# Try it:
Restate exactly, and only, the lines from the one with "ZPQAODI Sniffing Tappeto" through the end of the data, with both of those end lines kept. Drop any pictures.

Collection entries
──────────

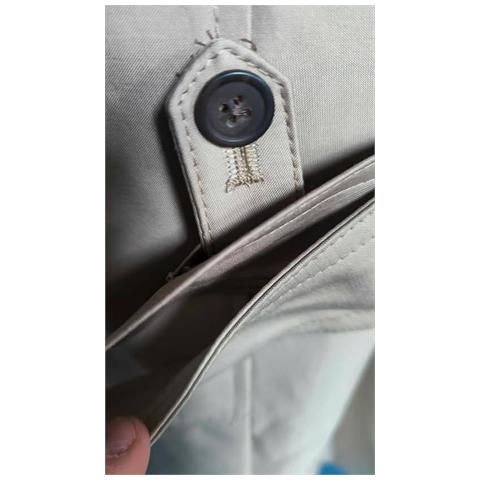 Trench Donna Cappotto Con Bottoni Con Cintura Elegante Beige L - Foto 6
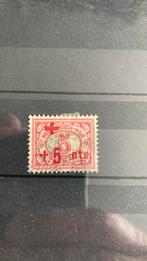 Nederlands Indië 136 rode kruis gestempeld/2696, Ophalen of Verzenden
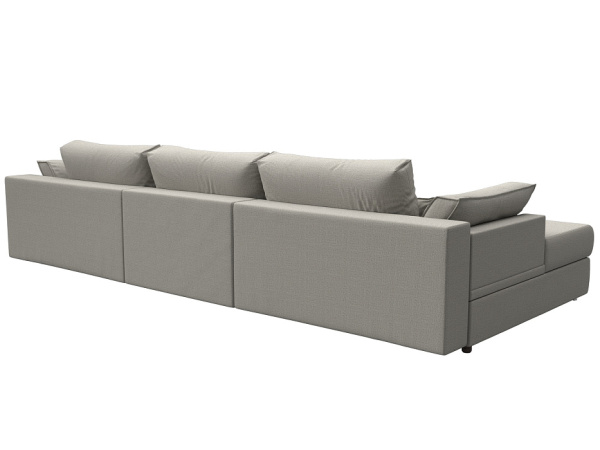 Диван угловой Пекин Long угол левый Рогожка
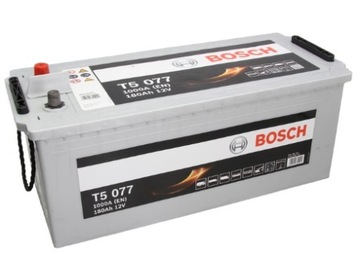 Акумулятор BOSCH T5 180ah. 1000A. 513X223X223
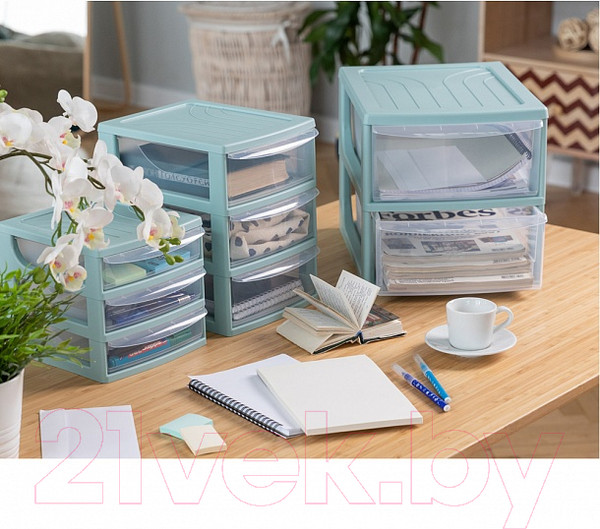 Изображение товара Органайзер для хранения Econova 433223830 (светло-серый)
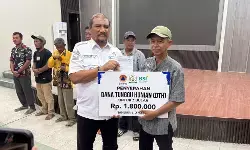 BNPB salurkan DTH tahap pertama bagi warga Aceh Tamiang korban banjir longsor BNPB salurkan DTH tahap pertama bagi warga Aceh Tamiang korban banjir longsor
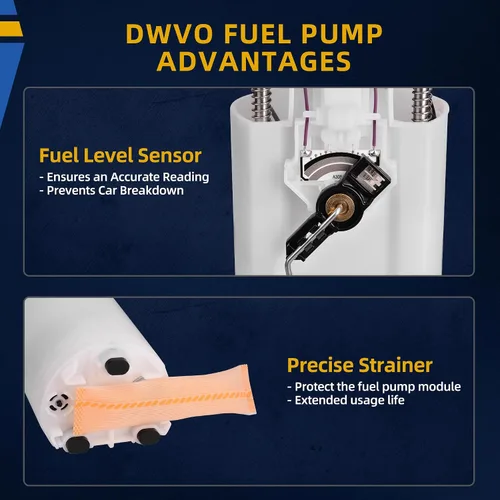 Miniatura 4 de DWVO Bomba de combustible compatible con Chevy Tahoe 1998-2000 GMC Yukon 1999-2000 Cadillac Escalade 5.7L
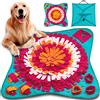 ZPQAODI Sniffing Tappeto per Cani Dogs, Snuffle Mat per Cani Dog Sniffing Mat tappetini puzzle per Addestramento Tappeto Sniffing mat per can Can per Giochi Interattivi alleviare lo stress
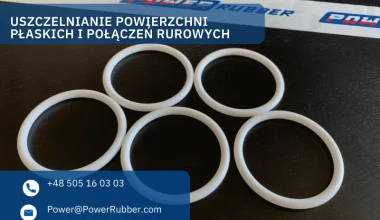 Uszczelnianie powierzchni płaskich i połączeń rurowych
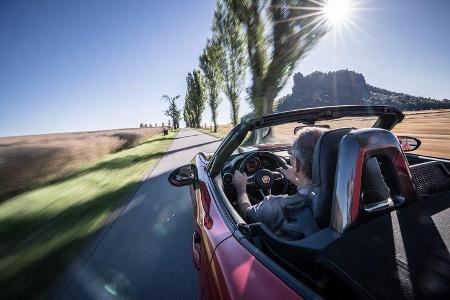 Abarth 124 Spider Turismo, Exterieur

──────────

# Output:
 ZPQAODI Sniffing Tappeto per Cani Dogs, Snuffle Mat per Cani Dog Sniffing Mat tappetini puzzle per Addestramento Tappeto Sniffing mat per can Can per Giochi Interattivi alleviare lo stress
 Uszczelnianie powierzchni płaskich i połączeń rurowych
 Abarth 124 Spider Turismo, Exterieur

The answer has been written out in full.